Now that I’ve won my second Masters, I notice that some people are comparing me with Ben Hogan and Sam Snead. I’m not like either of them. I figure I am a power hitter like Snead, with a swing that has needed little or no overhauling. But Sam has the greatest natural talent I ever saw. His ability is such that he can win tournaments without concentration or extra effort. All he has to do is swing away.

Hogan, on the other hand, is self-made — the product of his own relentless determination. He is the coldest, sharpest calculator I have ever seen on a golf course. I get intent at times myself, but often I shrug it off and say, “What the heck — it’s just a game.”

Although Hogan and Snead are nearing 50, both are still threats in a tournament such as the National Open this week. However, I believe the main competition at Cherry Hills will come from younger men who have been active on the 1960 tour.

Bill Casper, the defending champion, is more than just a great putter — the label some people have hung on him. He is a fine all-around player. Dow Finsterwald, one of my closest friends, is always a threat. This is a cold business with him, and he approaches it like a machine.

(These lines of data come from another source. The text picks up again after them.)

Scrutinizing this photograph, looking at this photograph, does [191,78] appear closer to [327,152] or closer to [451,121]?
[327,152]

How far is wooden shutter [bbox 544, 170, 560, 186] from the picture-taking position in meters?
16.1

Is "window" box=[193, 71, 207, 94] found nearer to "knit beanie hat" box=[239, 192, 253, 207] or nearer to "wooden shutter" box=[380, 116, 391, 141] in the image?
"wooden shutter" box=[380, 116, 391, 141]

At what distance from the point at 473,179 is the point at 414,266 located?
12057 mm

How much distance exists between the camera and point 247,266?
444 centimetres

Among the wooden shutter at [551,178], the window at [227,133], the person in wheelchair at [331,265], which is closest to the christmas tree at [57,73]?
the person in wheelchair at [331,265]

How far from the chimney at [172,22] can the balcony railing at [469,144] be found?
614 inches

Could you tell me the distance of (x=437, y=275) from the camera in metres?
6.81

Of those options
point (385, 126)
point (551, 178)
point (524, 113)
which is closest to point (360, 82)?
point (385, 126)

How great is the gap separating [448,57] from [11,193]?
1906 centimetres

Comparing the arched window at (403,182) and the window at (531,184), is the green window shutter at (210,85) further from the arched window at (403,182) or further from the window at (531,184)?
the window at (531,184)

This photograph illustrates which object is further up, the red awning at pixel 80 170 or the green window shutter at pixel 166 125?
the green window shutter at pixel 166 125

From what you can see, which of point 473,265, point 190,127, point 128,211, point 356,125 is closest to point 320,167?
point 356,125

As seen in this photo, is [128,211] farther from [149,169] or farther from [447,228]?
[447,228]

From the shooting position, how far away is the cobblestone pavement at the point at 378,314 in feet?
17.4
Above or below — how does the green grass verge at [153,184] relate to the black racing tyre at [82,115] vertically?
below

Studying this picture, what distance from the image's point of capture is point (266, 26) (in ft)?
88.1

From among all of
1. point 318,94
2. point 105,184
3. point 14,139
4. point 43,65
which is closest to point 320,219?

Ken Venturi is a classic player, capable of reaching brilliant heights. Mike Souchak is the strongest man in golf and is hard to beat when he is rolling, but he is inclined to be streaky. Gene Littler is solid as an oak, with wonderful natural talent, but has seemed to lack inspiration. Art Wall and Bob Rosburg have proved they can be top players despite their unorthodox baseball grips.

In my opinion, this is the select little group I’ll have to overcome if I’m to keep my grand-slam attempt alive by winning the U.S. Open. I have one wish for this tournament. I just hope things will work out so that I can come down to the final two holes needing one birdie to tie and two to win.

 


Eight days after this story was published in the 1960 Post, Arnold Palmer won the U.S. Open. At the British Open in July, he came in second — by a single stroke — to Kel Nagle, ending his chance at the modern-day Grand Slam. (To date, the challenge of winning the four major PGA tournaments in a single season remains a unicorn for professional golfers, who credit Palmer with the concept.) In October, Palmer was voted 1960’s PGA Player of the Year, receiving 1,088 of the 1,217 votes cast by professional golfers and the media.  

 

The international golf star gained 95 professional and 26 amateur wins before he retired at age 76 — nearly three more decades of golf than “Pap,” his father and golf teacher, had predicted for him in 1960. Palmer died Sunday at the age of 87.